SUPPLIED INFORMATION »
══════════════════════════════
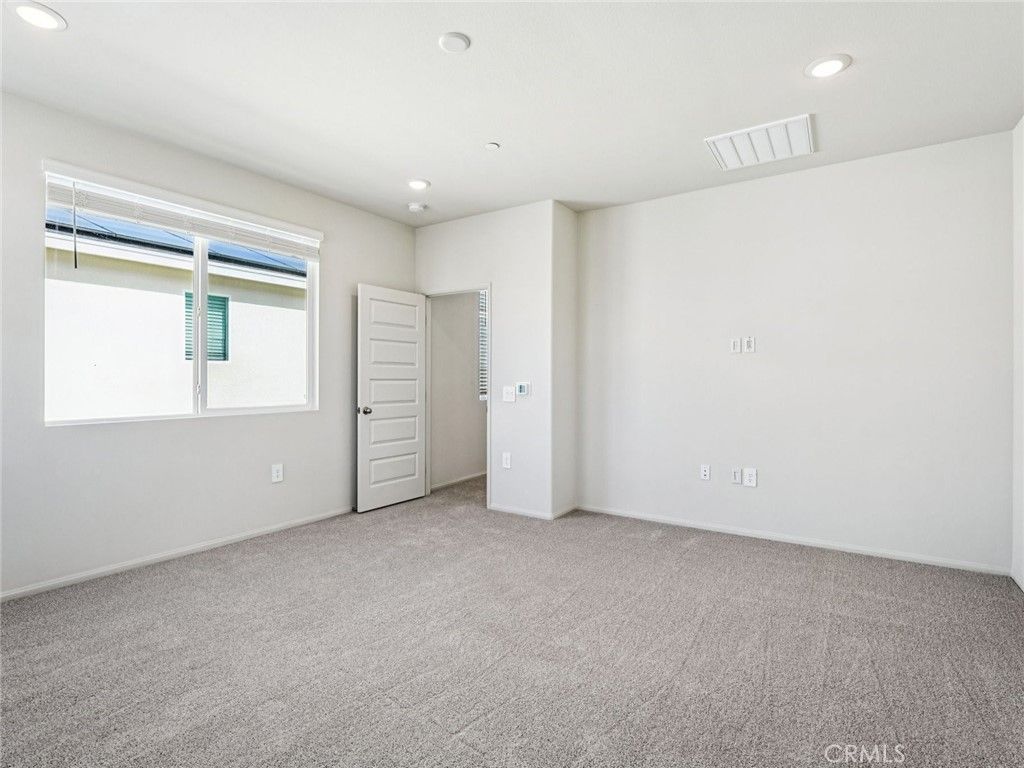 Image 17 of property listing at 31227 Mineral Way, Winchester, CA 92596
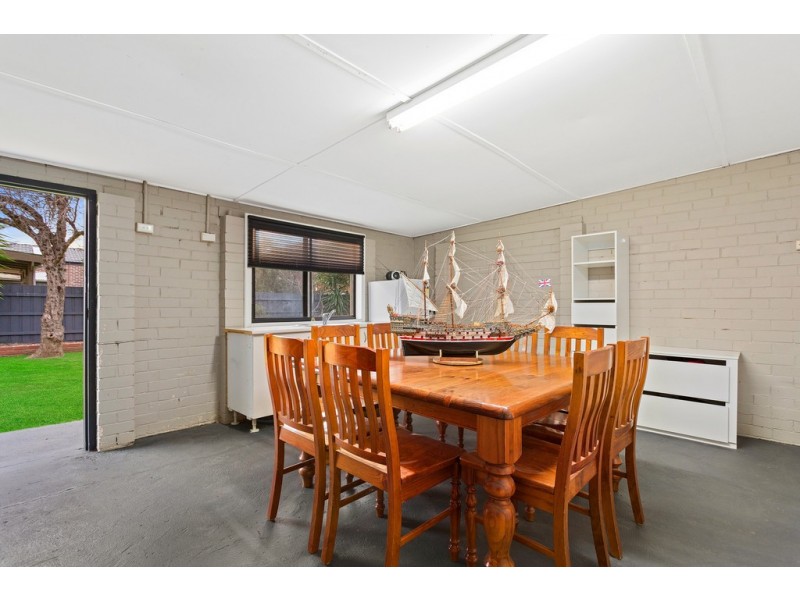 16 Cumberland Crescent, Thomastown VIC 3074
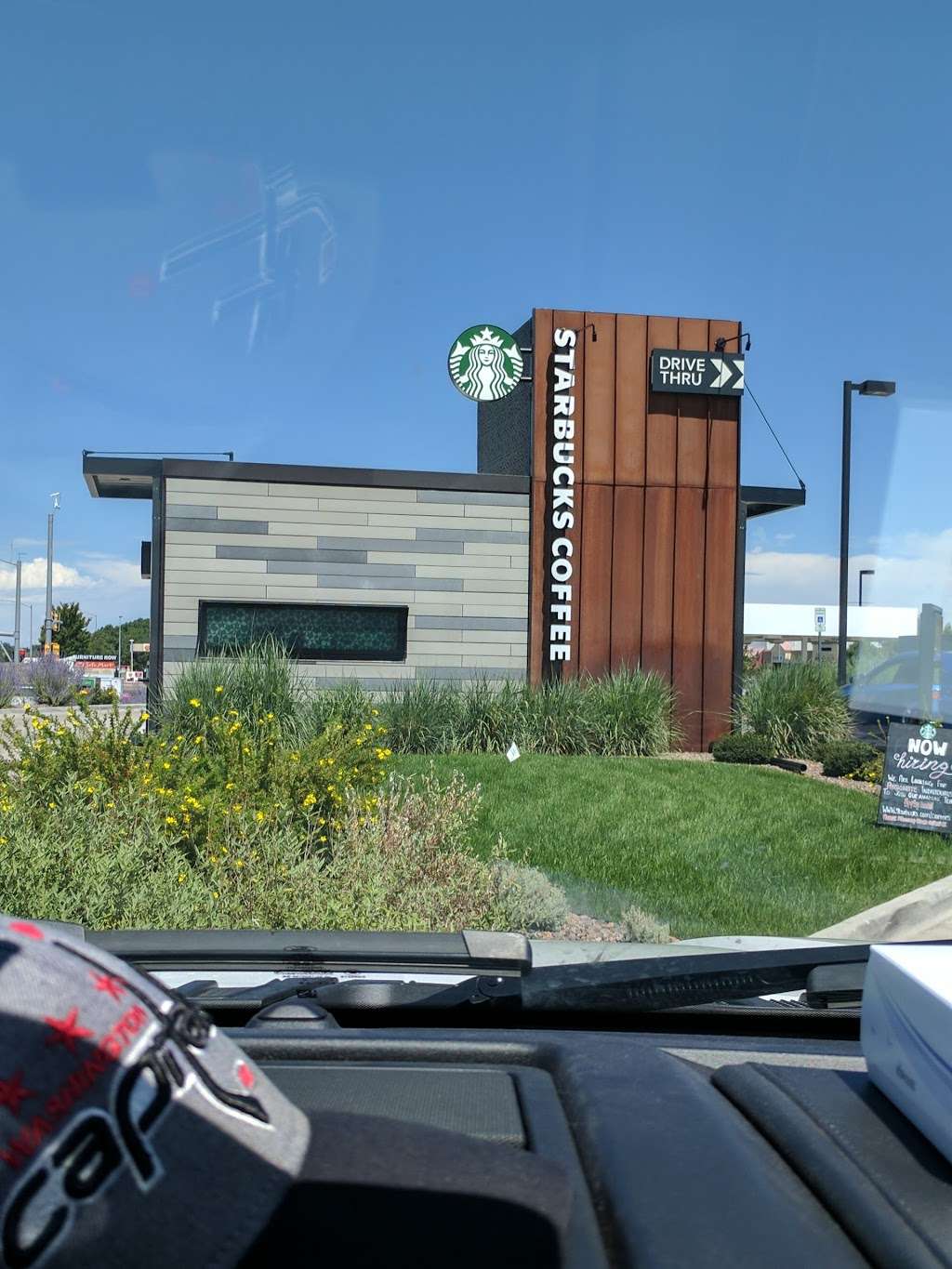 Starbucks | 13702 E Quincy Ave, Aurora, CO 80015, USA | Phone: (303) 680-6304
══════════════════════════════
EXERCISE OBJECTIVE » Using the material above, set down every line exactly, but skip the pictures.

REPLY TO THE EXERCISE »
 Image 17 of property listing at 31227 Mineral Way, Winchester, CA 92596
 16 Cumberland Crescent, Thomastown VIC 3074
 Starbucks | 13702 E Quincy Ave, Aurora, CO 80015, USA | Phone: (303) 680-6304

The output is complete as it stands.